Quote all lines below exactly. Images stay out.

▶ _Materials provided_

= Beginning of Section =

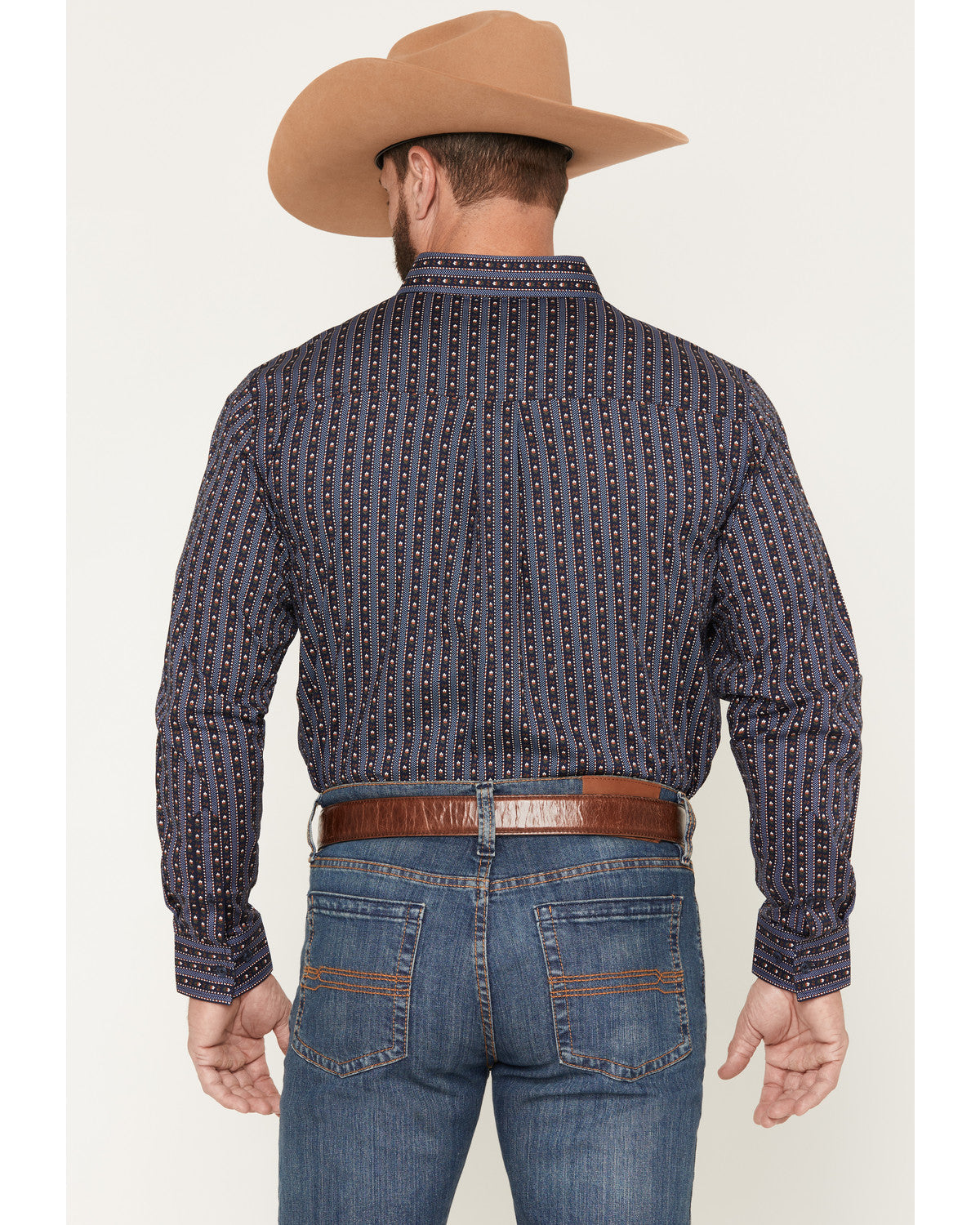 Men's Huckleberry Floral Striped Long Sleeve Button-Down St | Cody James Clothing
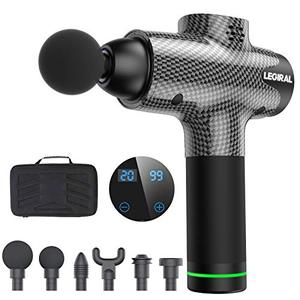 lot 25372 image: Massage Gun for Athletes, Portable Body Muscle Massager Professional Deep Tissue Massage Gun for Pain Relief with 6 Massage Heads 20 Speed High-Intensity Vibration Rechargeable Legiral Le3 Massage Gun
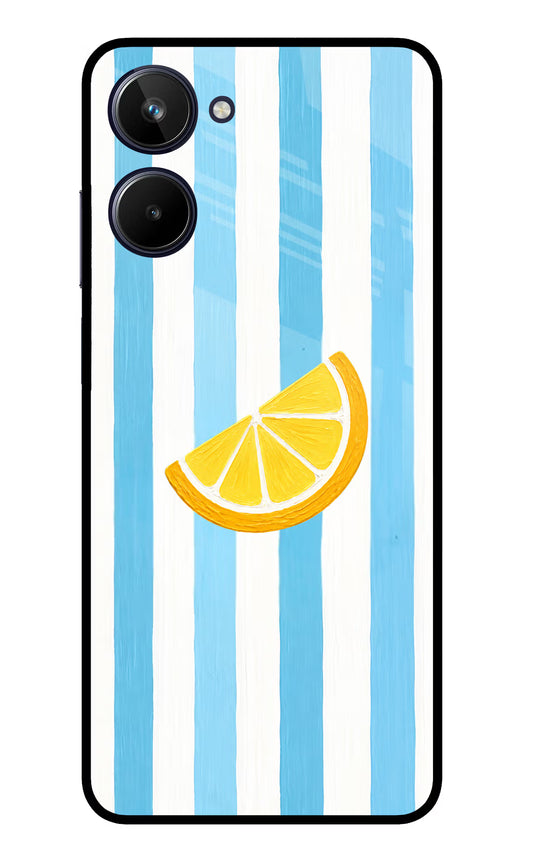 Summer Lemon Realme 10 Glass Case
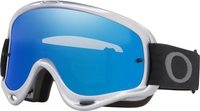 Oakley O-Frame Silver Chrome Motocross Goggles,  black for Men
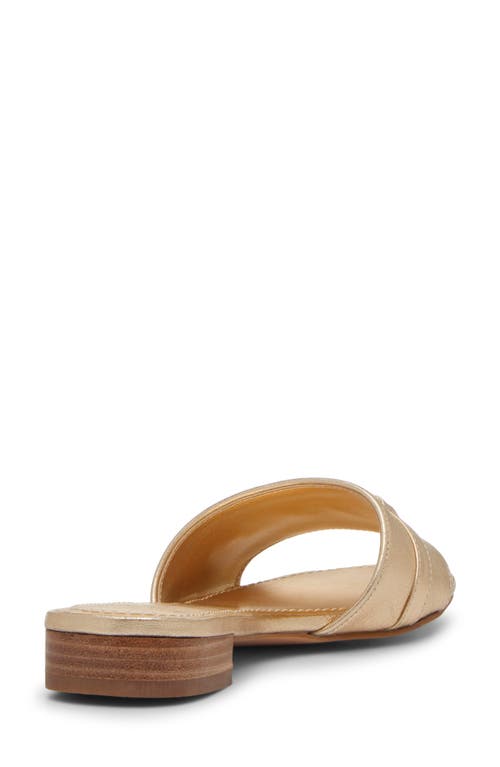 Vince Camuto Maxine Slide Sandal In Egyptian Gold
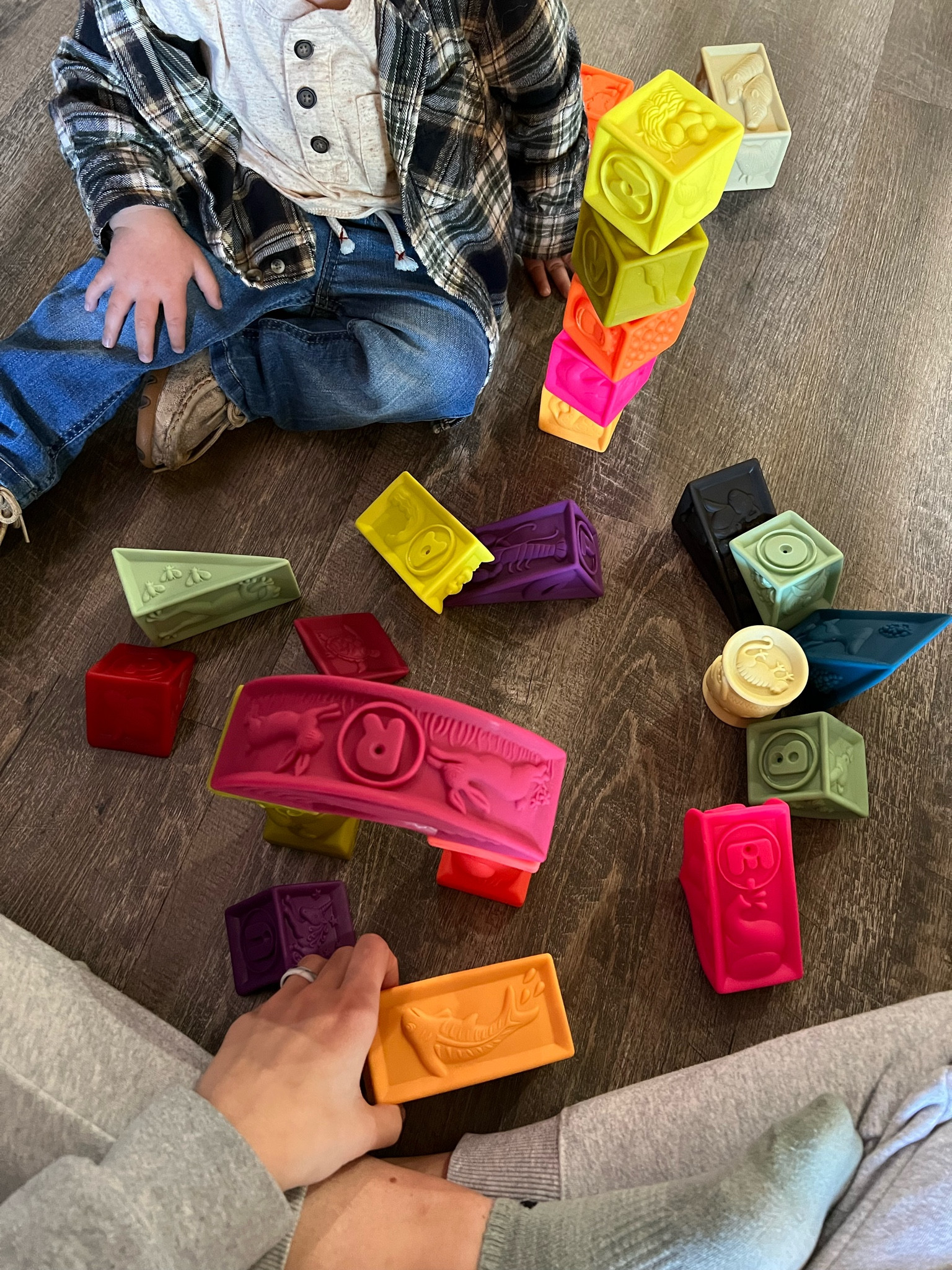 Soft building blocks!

= End of Section =

▶ _Answer space_
 Men's Huckleberry Floral Striped Long Sleeve Button-Down St | Cody James Clothing
 lot 25372 image: Massage Gun for Athletes, Portable Body Muscle Massager Professional Deep Tissue Massage Gun for Pain Relief with 6 Massage Heads 20 Speed High-Intensity Vibration Rechargeable Legiral Le3 Massage Gun
 Summer Lemon Realme 10 Glass Case
 Oakley O-Frame Silver Chrome Motocross Goggles,  black for Men
 Vince Camuto Maxine Slide Sandal In Egyptian Gold
 Soft building blocks!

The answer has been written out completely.